City warning sirens sound third false alarm Saturday
New electric relays did not solve all the problems

Kerry Craig | News-Telegram Assistant Editor

April 24, 2004 -- Sulphur Springs' emergency warning sirens sounded again in the early morning hours Saturday just as a line of thunder showers moved into the area. This makes the third time the warning system has malfunctioned and caused unnecessary concern for city residents.

Emergency Management Coordinator Lt. Rex Morgan, fire department units and City Manager Marc Maxwell hit the streets around 3:30 a.m. to shut down the screaming sirens.

Just over a week ago, when the sirens sounded off the second time, Maxwell said he would have the problem resolved this past week but the single problem that was remedied apparently did not fix the system.

"The city's electrician and a Verizon technician have been working all night on [the problem] and they have isolated the problem," Maxwell said Saturday morning. "It is a line between the phone station switch [central office] and the siren near the hospital that is getting voltage somewhere and I don't know where."

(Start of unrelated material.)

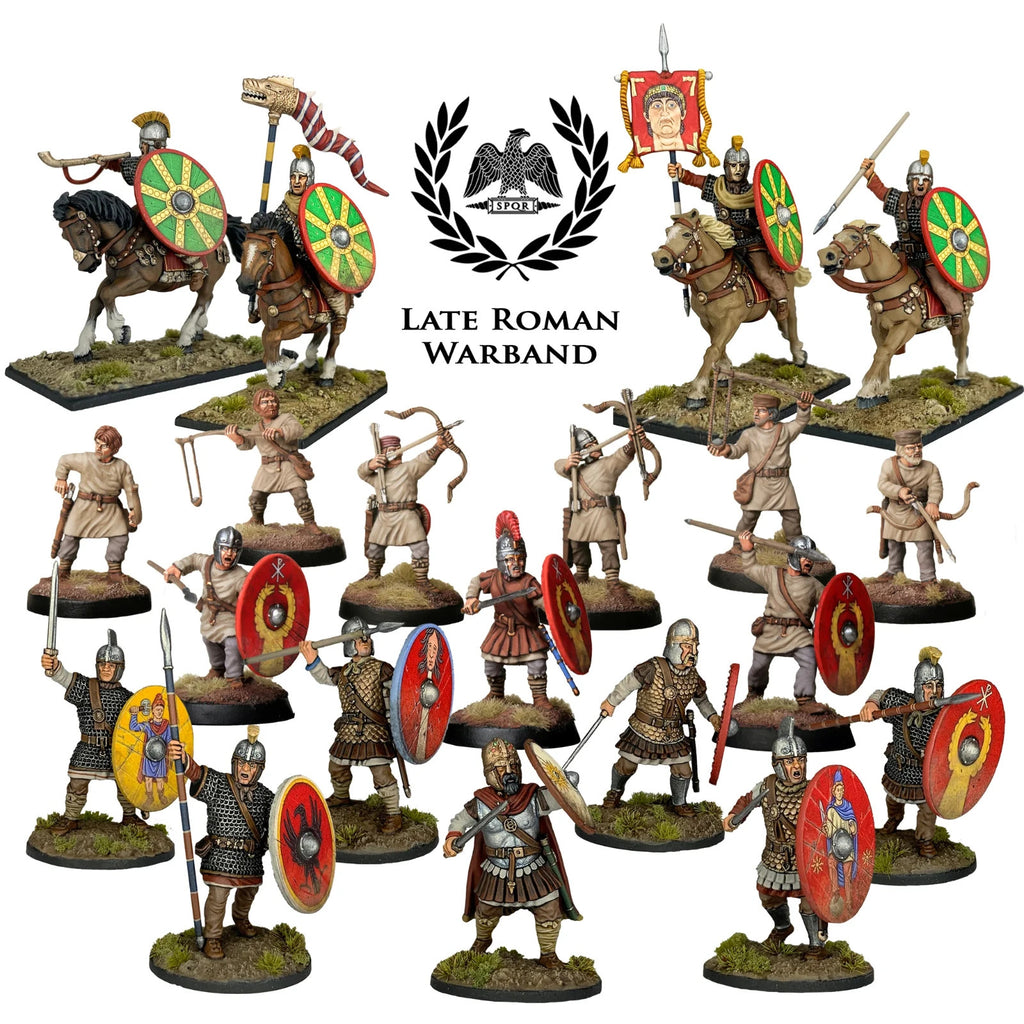 Victrix 28mm Scale Plastic Late Roman Infantry & Heavy Cavalry Warband - VXWB001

After the sirens sounded the first time, city officials indicated the problem might be with the telephone company's lines, but Verizon spokesman Bill Kula said the problem was with the city's equipment and not Verizon's.

"Our technicians investigated the situation and discovered the inadvertent alarms were as a result of a problem within the city's network, not Verizon," Kula said last week.

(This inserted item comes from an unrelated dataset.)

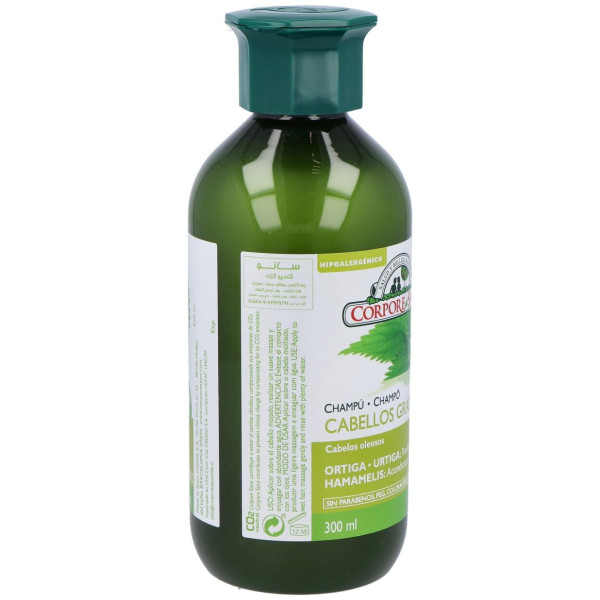 Corpore Sano Champu Antigrasa Con Ortiga Y Hamamelis 300Ml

Maxwell said indications are there have been two separate problems and the most recent incident was caused by electric current on Verizon phone lines, primarily on the line to the siren near the hospital.

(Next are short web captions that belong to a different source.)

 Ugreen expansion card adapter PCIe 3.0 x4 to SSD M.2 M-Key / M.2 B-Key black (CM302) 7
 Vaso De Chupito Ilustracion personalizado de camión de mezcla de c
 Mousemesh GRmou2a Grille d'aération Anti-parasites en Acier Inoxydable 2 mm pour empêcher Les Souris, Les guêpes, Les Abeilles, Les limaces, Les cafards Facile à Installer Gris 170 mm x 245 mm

The spurious voltage is enough to trigger new relays installed at each of the siren locations and, Maxwell said, different voltages are being found at various siren locations.

"The problem is, as we've been replacing these relays when they wear out, the new relays are far more sensitive," Maxwell said. "So, a little bit of voltage from anywhere can set these things off."

The city's electrician is exchanging the new relays for ones less sensitive to voltage levels that may be used until a new type of relay system can be installed.

"It is making it very clear I can't guarantee it won't happen again unless we go to some different type of system, probably radio," he said.

The city manager said all the warning sirens have been turned off and will remain off until the problem is finally resolved, probably by changing the equipment used to trigger the alarms.